32

Marjorie, Grace and me.

We have our arcane secrets, our superstitions, our beliefs, fact and fantasy mixed. Our sexual fears, both rational and irrational. Our own experiences which we share with each other. They are altogether different from what the novels and text books told us they would be.

We got our certificates, our diplomas, our degrees. We had miscarriages, abortions and babies. Marjorie and I caught the clap. We still cannot name our secret parts. We know them blindly, by feel, and not by sight or name. They rule us.

Grace says women ovulate from sheer astonishment. That’s why innocent girls get pregnant and experienced ones don’t. Grace says she has a corroded cervix: she believes she has a soft and bubbly cyst somewhere inside which no doctor can discover: she says she’s only twice had an orgasm in her life other than by masturbation, which she didn’t discover until long after she’d left Christie, and even then didn’t know that what she did had a name or that anyone else ever did it. Grace feels her bosom daily for cancer and daily discovers a good many different lumps. Grace does not trust the doctors who examine her insides. She suspects they take pleasure from the process. Well, she does.

Grace has had cheap back-street abortions and National Health abortions and an expensive post-Abortion Act abortion. She loves anaesthetics and feels only relief when the baby’s gone and she’s no longer nauseous. Grace tried a contraceptive coil but bled too profusely to keep it in. One woman in three does, says Grace. The pill made her sick. Dutch caps disgust her. These days Grace takes no contraceptive precautions at all. It is her Act of Oneness with the universe, or so she says. She relies on her age, her inverted womb and her imagined fibroids to protect her from pregnancy.

Grace enjoys getting pregnant, but not being pregnant.

Marjorie believes her reproductive energies were drained by her first baby, which she failed to carry to maturity.

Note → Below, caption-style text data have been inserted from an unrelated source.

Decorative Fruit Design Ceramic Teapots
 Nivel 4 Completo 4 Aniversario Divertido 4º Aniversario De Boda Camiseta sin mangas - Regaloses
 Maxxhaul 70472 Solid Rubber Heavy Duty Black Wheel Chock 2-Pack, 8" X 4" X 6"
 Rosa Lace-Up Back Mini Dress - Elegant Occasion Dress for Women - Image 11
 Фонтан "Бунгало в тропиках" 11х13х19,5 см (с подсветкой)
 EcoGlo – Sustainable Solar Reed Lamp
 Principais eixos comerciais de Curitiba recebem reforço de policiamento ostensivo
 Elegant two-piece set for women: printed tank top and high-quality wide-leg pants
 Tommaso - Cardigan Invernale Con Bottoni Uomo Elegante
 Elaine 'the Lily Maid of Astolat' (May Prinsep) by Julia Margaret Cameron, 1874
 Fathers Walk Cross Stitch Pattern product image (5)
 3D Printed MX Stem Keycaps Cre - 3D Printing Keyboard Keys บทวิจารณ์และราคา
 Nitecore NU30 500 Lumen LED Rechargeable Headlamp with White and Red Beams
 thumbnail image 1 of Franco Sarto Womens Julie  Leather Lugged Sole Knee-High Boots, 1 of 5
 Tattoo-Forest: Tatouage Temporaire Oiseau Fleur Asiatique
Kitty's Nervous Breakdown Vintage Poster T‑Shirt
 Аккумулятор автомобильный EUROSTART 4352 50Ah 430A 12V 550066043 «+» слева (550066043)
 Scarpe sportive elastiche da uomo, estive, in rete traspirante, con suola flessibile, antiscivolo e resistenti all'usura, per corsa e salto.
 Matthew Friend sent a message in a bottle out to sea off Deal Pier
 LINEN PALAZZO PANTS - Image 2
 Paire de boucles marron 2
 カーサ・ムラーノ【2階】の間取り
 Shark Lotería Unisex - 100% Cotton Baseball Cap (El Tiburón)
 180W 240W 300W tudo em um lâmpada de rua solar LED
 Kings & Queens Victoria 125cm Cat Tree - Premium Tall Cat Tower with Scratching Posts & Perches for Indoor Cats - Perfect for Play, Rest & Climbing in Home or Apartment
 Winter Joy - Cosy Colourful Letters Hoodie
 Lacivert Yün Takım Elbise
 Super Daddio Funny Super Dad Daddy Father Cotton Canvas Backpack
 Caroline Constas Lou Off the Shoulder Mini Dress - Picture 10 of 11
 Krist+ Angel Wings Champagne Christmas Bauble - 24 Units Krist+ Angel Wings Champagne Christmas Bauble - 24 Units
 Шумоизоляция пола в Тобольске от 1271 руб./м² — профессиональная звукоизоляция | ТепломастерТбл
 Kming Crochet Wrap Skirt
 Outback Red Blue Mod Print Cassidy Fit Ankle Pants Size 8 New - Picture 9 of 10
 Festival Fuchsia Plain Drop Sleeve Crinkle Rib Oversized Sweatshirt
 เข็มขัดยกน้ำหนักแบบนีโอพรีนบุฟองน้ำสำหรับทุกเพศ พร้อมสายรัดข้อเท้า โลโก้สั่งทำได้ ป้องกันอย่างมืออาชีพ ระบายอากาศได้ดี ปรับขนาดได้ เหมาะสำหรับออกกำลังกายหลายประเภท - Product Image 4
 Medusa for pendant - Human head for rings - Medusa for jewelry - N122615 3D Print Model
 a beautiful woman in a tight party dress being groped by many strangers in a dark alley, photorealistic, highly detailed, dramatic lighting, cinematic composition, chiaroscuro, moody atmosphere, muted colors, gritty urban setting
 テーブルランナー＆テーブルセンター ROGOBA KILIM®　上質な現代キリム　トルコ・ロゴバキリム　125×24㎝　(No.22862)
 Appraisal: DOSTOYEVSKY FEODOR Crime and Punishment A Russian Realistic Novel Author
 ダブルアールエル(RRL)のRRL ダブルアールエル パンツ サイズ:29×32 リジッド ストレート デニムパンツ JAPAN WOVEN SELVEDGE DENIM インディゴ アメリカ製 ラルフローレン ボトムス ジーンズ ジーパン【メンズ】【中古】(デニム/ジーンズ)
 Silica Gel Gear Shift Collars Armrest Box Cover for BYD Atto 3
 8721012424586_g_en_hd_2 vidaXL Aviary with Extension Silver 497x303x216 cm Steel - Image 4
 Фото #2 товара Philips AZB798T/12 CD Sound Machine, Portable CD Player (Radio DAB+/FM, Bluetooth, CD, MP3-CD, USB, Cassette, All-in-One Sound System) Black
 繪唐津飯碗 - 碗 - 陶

Marjorie believes she is infertile, and will never know, because she takes oestrogen pills to regulate her monthly bleeding – not that it does.

Marjorie believes the age of the menarche to be dependent on the weight of the girl. Menstruation starts at ninety-four pounds. She, later to menstruate than any of her friends, need never have worried.

Marjorie believes it is just as well she is infertile – since any baby she had would be born monstrous. A disagreeable young nurse implied as much at the VD clinic she had the misfortune to attend, and Marjorie chooses to believe her.

Marjorie thinks if she had Patrick’s baby it would perhaps be all right, but Patrick, alas, only uses her as a washer-woman.

Marjorie consults gynaecologists, goes to Health Farms, looks to authorities to tell her about the state of her insides, which she sees as a bloody, indeterminate mass and which behave accordingly.

Marjorie gives post-production parties at her flat and would sleep with anyone who cared to remain behind, except her insides will not allow, or very seldom. She bleeds too much.

I, Chloe, believe you shouldn’t get your feet wet when you have a period, that pre-menstrual tension is the result of fluid retention in the brain, that sex is for the begetting of children. That some children are meant – and that the most unlikely people will come together to produce a child, and having done so will part again, astonished at what they’ve done: that some of the most robust and kindly couples can’t help producing thin, weedy and miserable children and there’s no fairness in any of it. That children do not change their essential natures between the day they’re born and the day they leave home, and that there’s precious little you can do to help or hinder on the way.

I, Chloe, believe that if you do not consider your reproductive organs they will function properly, and that the harsh light of inquiry is damaging to their well-being.

Feel your breasts today and have cancer tomorrow. A cervical smear now means the womb out soon. Experience shows it to be true, if not statistics.

I, Chloe, feel my function to be maternal and not erotic. I cannot concede that it’s possible to be both, though reason tells me it is: and that is why I do not mind Françoise sharing Oliver’s bed. It allows me my dignity.

Besides, a mother must be watchful. It is one of the laws of nature that one cannot be watchful and orgasmic at the same time.